Bank Loan Creditability Prediction Using Machine Learning

September 30, 2020

As lending is the primary business of the banks, banks have to always find the right customer to lend at low risk to avoid any future non-performing loans. If a bank approves a loan to a borrower and if borrower not repaying the principal amount, bank will lose the principal and interest income. Thus credit risk assessment is very critical while approving a loan to customer.
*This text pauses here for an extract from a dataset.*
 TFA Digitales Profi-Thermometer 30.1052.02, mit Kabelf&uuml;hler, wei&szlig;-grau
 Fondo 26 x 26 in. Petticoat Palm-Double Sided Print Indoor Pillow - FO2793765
For most banks, loans are the largest and most obvious source of credit risk, however, other sources of credit risk exist throughout the activities of a bank, including in the banking book and in the trading book, and both on and off the balance sheet. Banks are increasingly facing credit risk in various financial instruments, loan is one of them. Since exposure to credit risk continues to be the leading source of problems in banks world-wide, banks and their supervisors should be able to draw useful lessons from past experiences.

Presently we see that different multinational banks as well some local bank introduced Data Analytics department to utilize data mining techniques which helps them compete in the market and provide the right product to the right customer with less risk. Credit risks which account for the risk of loss and loan defaults are the major source of risk encountered by banking industry. Data mining techniques like classification and prediction can be applied to overcome this to a great extent.
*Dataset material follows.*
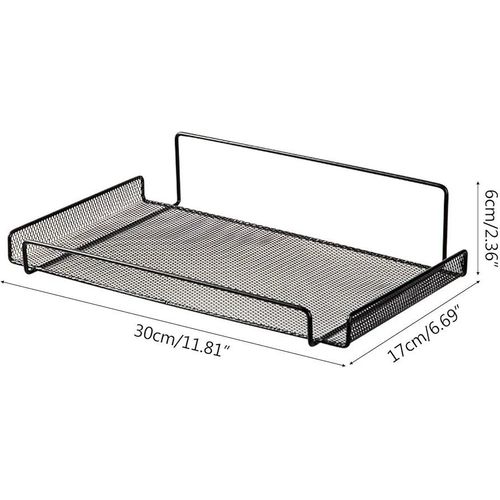 WiFi Router Shelf Wall Mount Shelf WiFi Router Storage Holder For TV Box Set Top Box TV Accessories helps organize cables, save desk space, and can even improve your signal by elevating the device.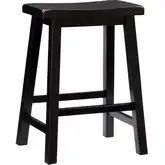 Counter Stool in Antique Black with Terracotta Sand Through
In this article we will show you a step by step process of loan creditability prediction using Machine Learning.

1. Understanding The Datasets

Before starting work we have to have a clear idea about the dataset. Now, let’s see the dataset from different angles.

‘data.frame’: 1000 obs. of 21 variables:
$ creditability : int 1 1 1 1 1 1 1 1 1 1 …
$ account_balance : int 1 1 2 1 1 1 1 1 4 2 …
$ duration_of_credit_in_month : int 18 9 12 12 12 10 8 6 18 24 …
$ payment_status_of_previous_credit : int 4 4 2 4 4 4 4 4 4 2 …
$ purpose_of_credit : int 2 0 9 0 0 0 0 0 3 3 …
$ credit_amount : int 1049 2799 841 2122 2171 2241 3398 1361 1098 3758 …
$ value_savings_stocks : int 1 1 2 1 1 1 1 1 1 3 …
$ length_of_current_employment_in_years: int 2 3 4 3 3 2 4 2 1 1 …
$ installment_percent : int 4 2 2 3 4 1 1 2 4 1 …
$ sex_marital_status : int 2 3 2 3 3 3 3 3 2 2 …
$ guarantors : int 1 1 1 1 1 1 1 1 1 1 …
$ duration_in_current_address_in_years : int 4 2 4 2 4 3 4 4 4 4 …
$ most_valuable_available_asset : int 2 1 1 1 2 1 1 1 3 4 …
$ age_in_years : int 21 36 23 39 38 48 39 40 65 23 …
$ concurrent_credits : int 3 3 3 3 1 3 3 3 3 3 …
$ type_of_apartment : int 1 1 1 1 2 1 2 2 2 1 …
$ no_of_credits_at_this_bank : int 1 2 1 2 2 2 2 1 2 1 …
$ occupation_category : int 3 3 2 2 2 2 2 2 1 1 …
$ no_of_dependents : int 1 2 1 2 1 2 1 2 1 1 …
$ has_telephone : int 1 1 1 1 1 1 1 1 1 1 …
$ is_foreign_worker : int 1 1 1 2 2 2 2 2 1 1 …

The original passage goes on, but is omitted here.